Critique de Killing79 (Chamalieres, Inscrit le 28 octobre 2010, 45 ans) - 11 novembre 2016

Pour cette rentrée littéraire, deux livres sont consacrés à la « famille Manson ». Dans « The Girls », que j’ai particulièrement aimé, Emma Cline se cantonne à nous dépeindre l’ambiance et l’état d’esprit de l’époque, en reléguant les meurtres au second plan. Bien que le thème semble identique en apparence, l’ambition de Simon Liberati dans « California Girls » est toute autre. Il veut nous raconter le drame et uniquement le drame.

On entre d’ailleurs très rapidement dans le vif de cette version non romancée et non censurée des crimes réalisés par la famille. Tous les protagonistes sont désignés avec leurs vrais noms, tous les lieux sont réels. Tout est fait pour se rapprocher au maximum de la véracité des faits. L’auteur a dû étudier le sujet en profondeur pour retranscrire avec précision le déroulement des crimes. Chaque élément, chaque geste, est décrit avec un grand nombre de détails. Et ces détails sont vraiment déstabilisants. Toutes ces scènes sont violentes, gores et relatées avec une froideur extrême. On assiste démuni au carnage et on découvre alors l’absence d’humanité dont a fait preuve cette bande de hippies drogués à Charles Manson. Je préviens donc que toute la monstruosité est décrite sans concession et que ça peut être particulièrement choquant, alors si vous vous considérez comme une âme sensible, un bon conseil… fuyez !

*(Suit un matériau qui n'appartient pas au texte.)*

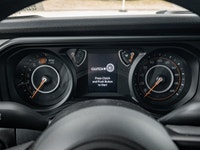 Welcome to 400 Chrysler Dodge Jeep Ram. 3.6L V-6 engine with manual transmission | 4x4 drive system... (image 3)
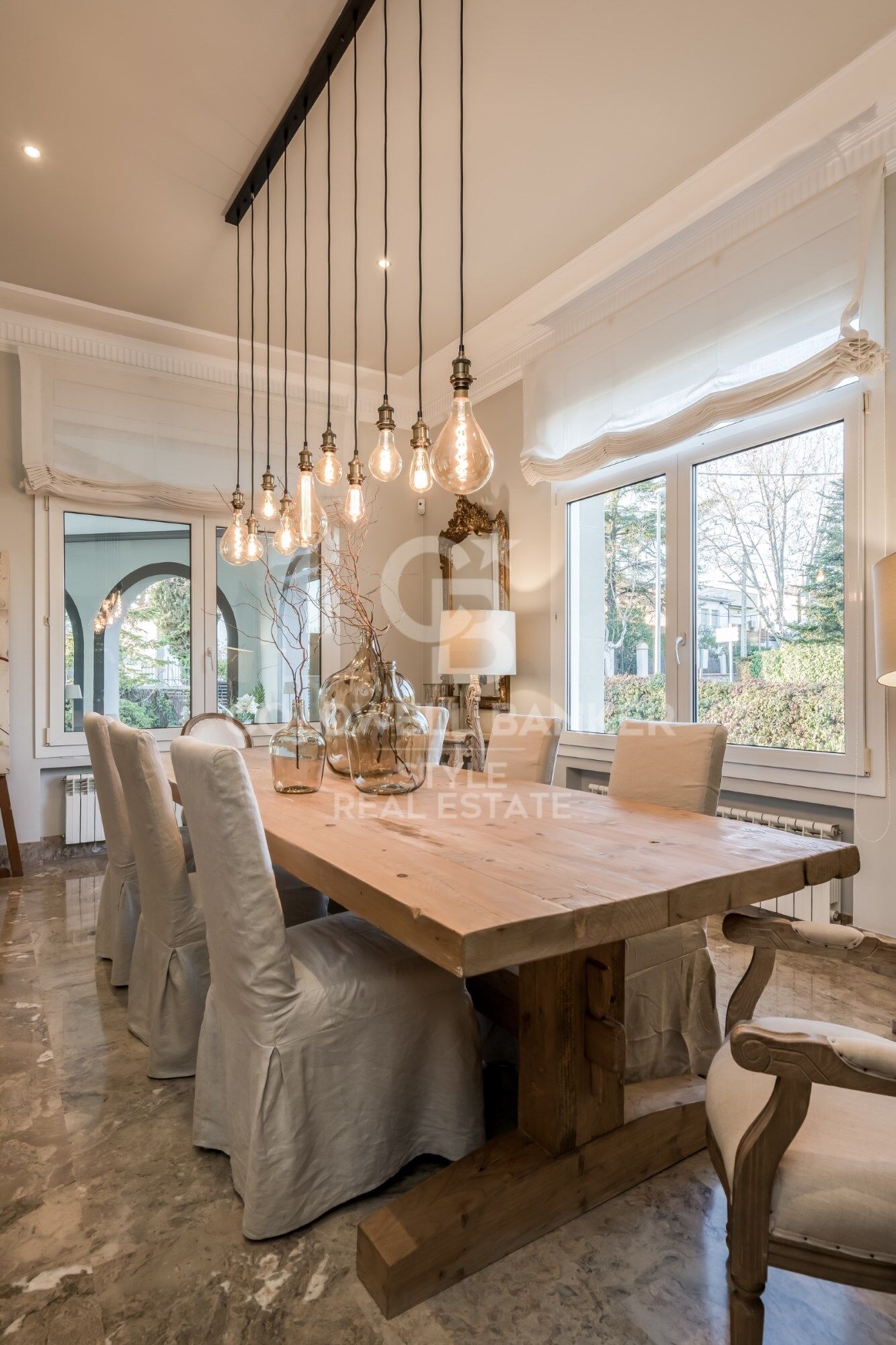 Elegance and exclusivity a step away from the center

Pour ma part, je crois qu’avec tout ça j’ai fait le tour de ce fait divers. Ce roman m’a apporté un complément plus chirurgical et plus pragmatique de l’affaire. Du reste, je conseille aux personnes qui veulent connaître la vérité, de lire ce texte après celui d’Emma Cline afin de bien replacer la tragédie dans son contexte. N’hésitez pas aussi à vous informer sur les évènements avant de vous lancer dans cette aventure, car l’auteur rentre directement dans le lard et ne donne aucune explication préalable. L’écriture de Simon Liberati est de bonne facture et son approche est intéressante mais je pense que ce roman ne se suffit pas à lui-même et que si je l’avais lu indépendamment, j’aurais été gêné par sa factualité sans âme! Pour résumer, je considère ce livre comme une pièce à conviction de plus à ajouter au dossier plutôt glaçant de la « Famille Manson ».